Mijn brein is de afgelopen 34 jaar volledig gespecialiseerd in hoog niveau aanpassingsvermogen. Mijn gedrag viel niet in lijn met het gedrag van alle andere kinderen en werd daarom bestempeld als ‘lastig’ of ‘druk’. Sociaal geaccepteerd gedrag werd mij opgedrongen. Mijn talenten werden niet erkend of uberhaupt gezien. Er werd alleen een meisje gezien die veel praatte, veel bewoog en haar hart op de tong had liggen. Mijn ‘doen en laten’ moest anders. Gedragingen die niet passen bij wie ik ben werden vroeg in mijn leven geforceerd door het continu moeten aanpassen aan de wensen van anderen, het stelselmatig moeten accepteren dat ik niet mocht zijn wie ik was en het afstraffen van, in hun ogen, fout gedrag.

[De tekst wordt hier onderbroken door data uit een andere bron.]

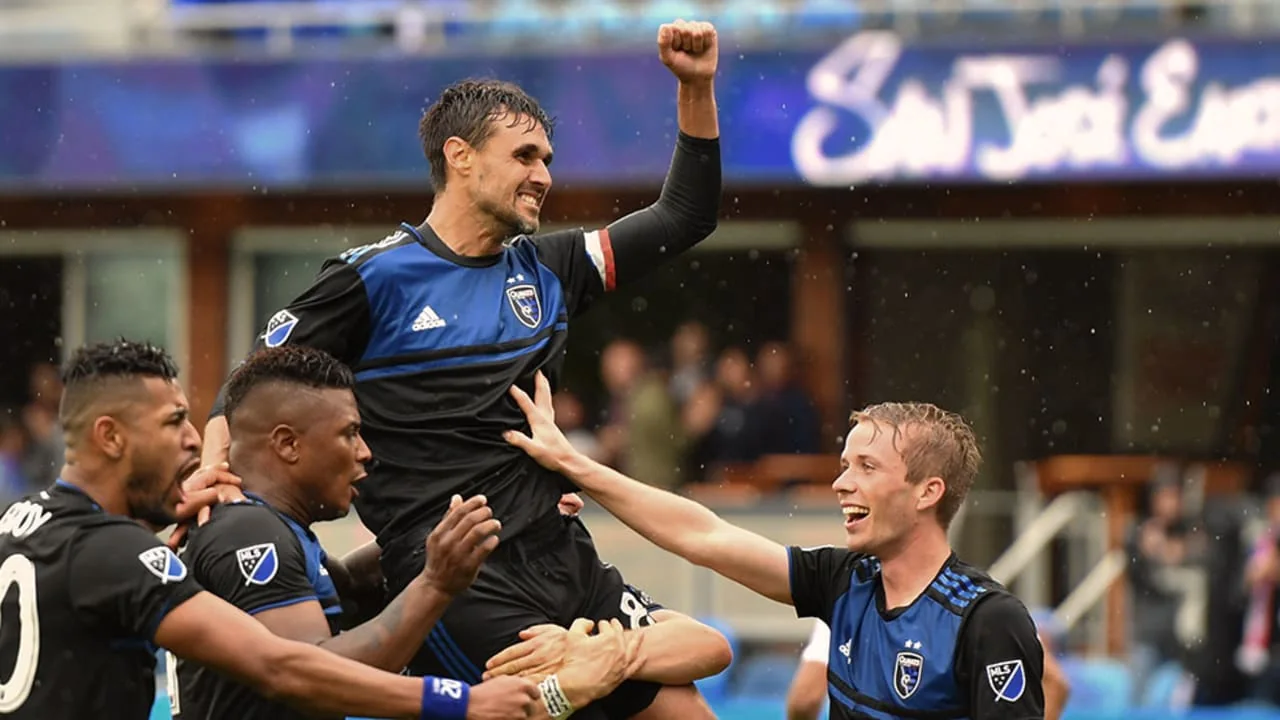 Chris Wondolowski is lifted by San Jose teammates after his four-goal game against Chicago in 2019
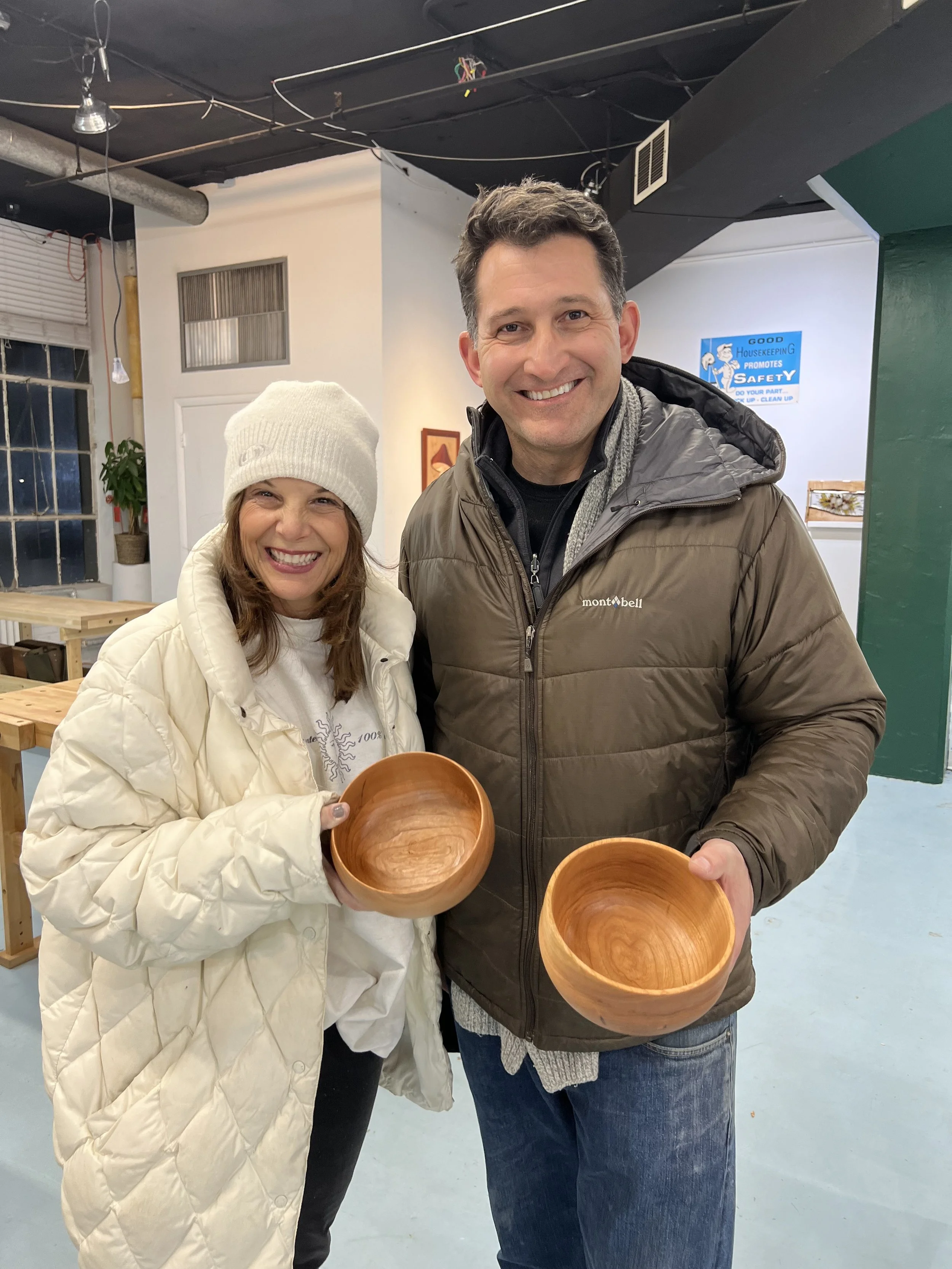 A smiling woman wearing a white beanie and puffy jacket holding a wooden bowl, standing next to a smiling man in a brown jacket also holding a wooden bowl, indoors with a sign about housekeeping and safety in the background.
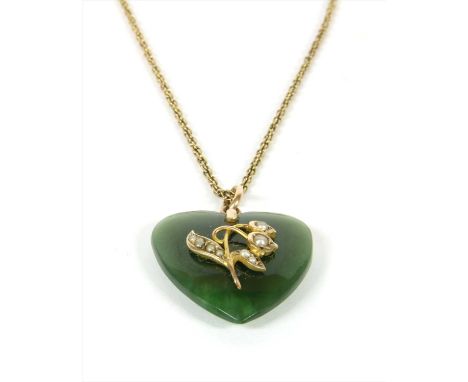 A nephrite jade and split pearl pendant, with a heart shaped cabochon nephrite jade with applied gold floral motif, grain set
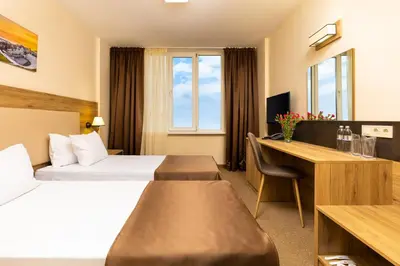 a hotel room with a bed and a desk at Hotel Intelcoop in Plovdiv
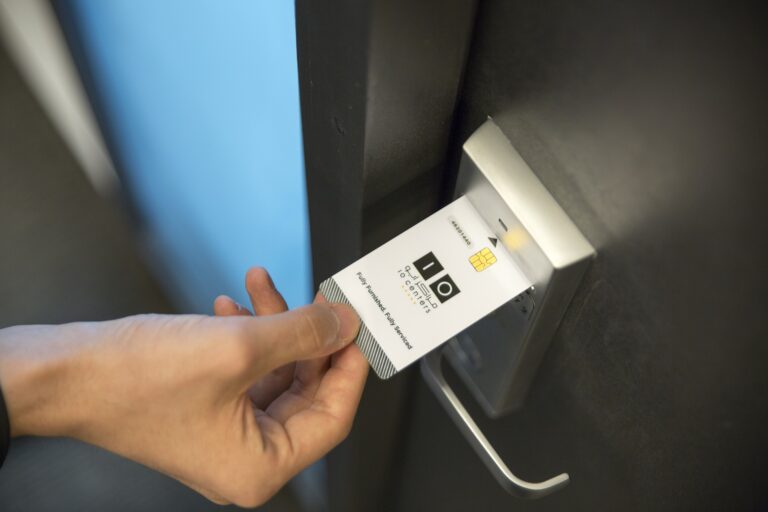 person using keycard for access control systems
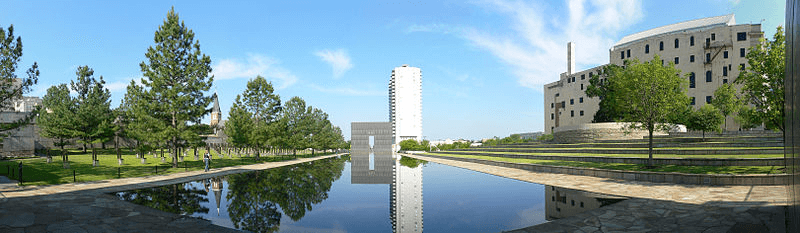 A panoramic view of the memorial. In the center is a large stone structure shaped as a gate with 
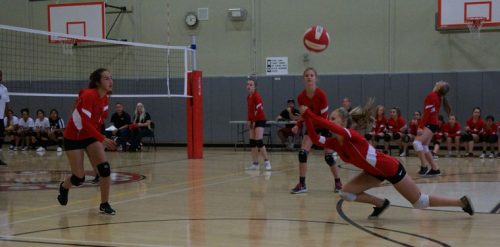 The Idyllwild Girls volleyball team defeated the California Military Institute on plays such as Kayli Lynn stretching far for the dig. Her teammates are (from left) Payton Priefer, Brooke Taylor, Emma Righetti and Emma Crump. Photo by Chandra Lynn 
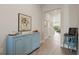 Spacious entryway featuring a light blue console table and framed artwork at 2071 Limestone Trl, Kissimmee, FL 34747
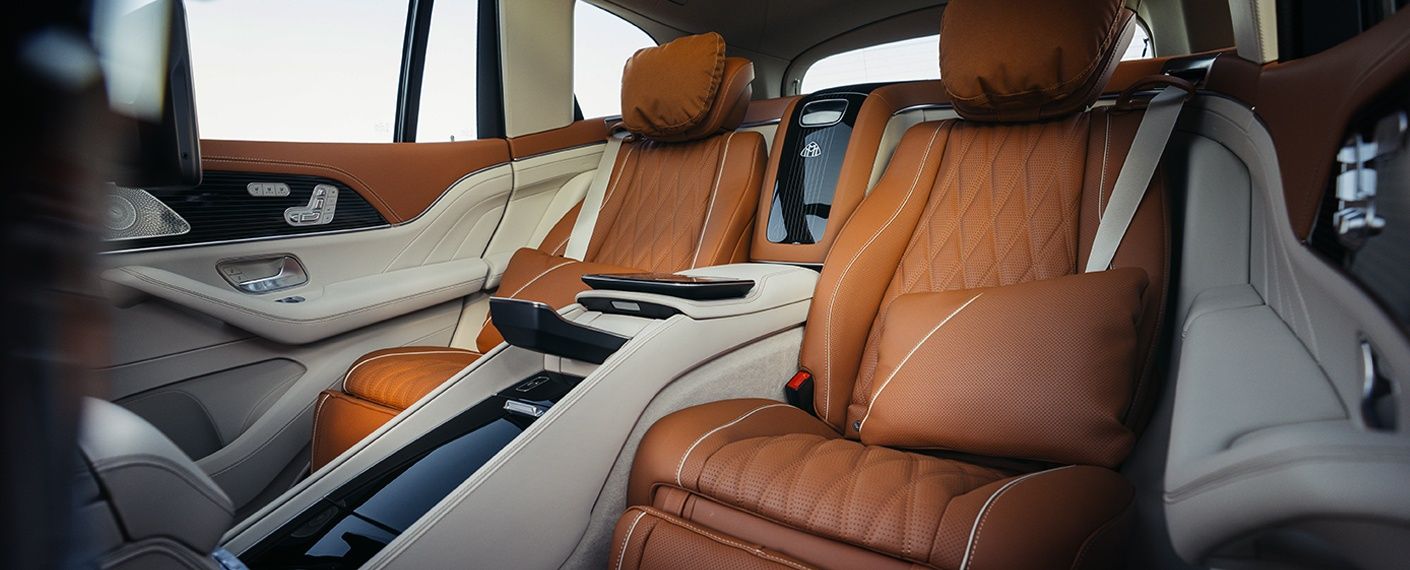 Mercedes-Maybach GLS 680 executive rear cabin with premium brown leather seats.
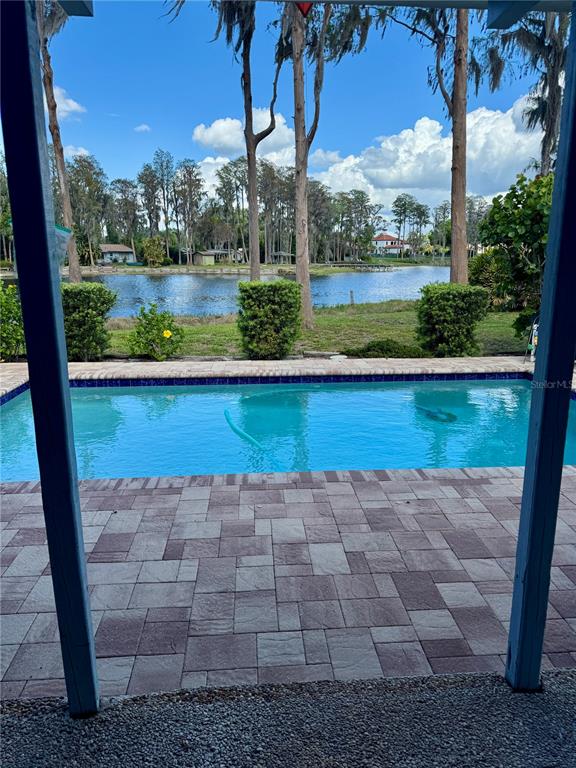 A swimming pool sits on a paved patio overlooking a lake and trees — 17109 RAINBOW TERRACE, ODESSA, FL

De eerste ‘gedragscorrectie’ die ik mij kan herinneren.

Groep 2. Een van mijn eerste echte, blijvende, herinneringen van school. Wat was ik trots dat ik naar school kon. Een klein meisje van 6 jaar die goed kán leren en graag wil leren, snel nieuwe dingen oppakt en begaan is met de kinderen om mij heen. We gaan tekenen. Een van mijn leukste bezigheden in de kleuterklas. De opdracht was als volgt: ‘Teken je gezin bij je huis.”. Een simpele opdracht lijkt mij waar je als 6 jarig meisje niet veel verkeerd kan doen.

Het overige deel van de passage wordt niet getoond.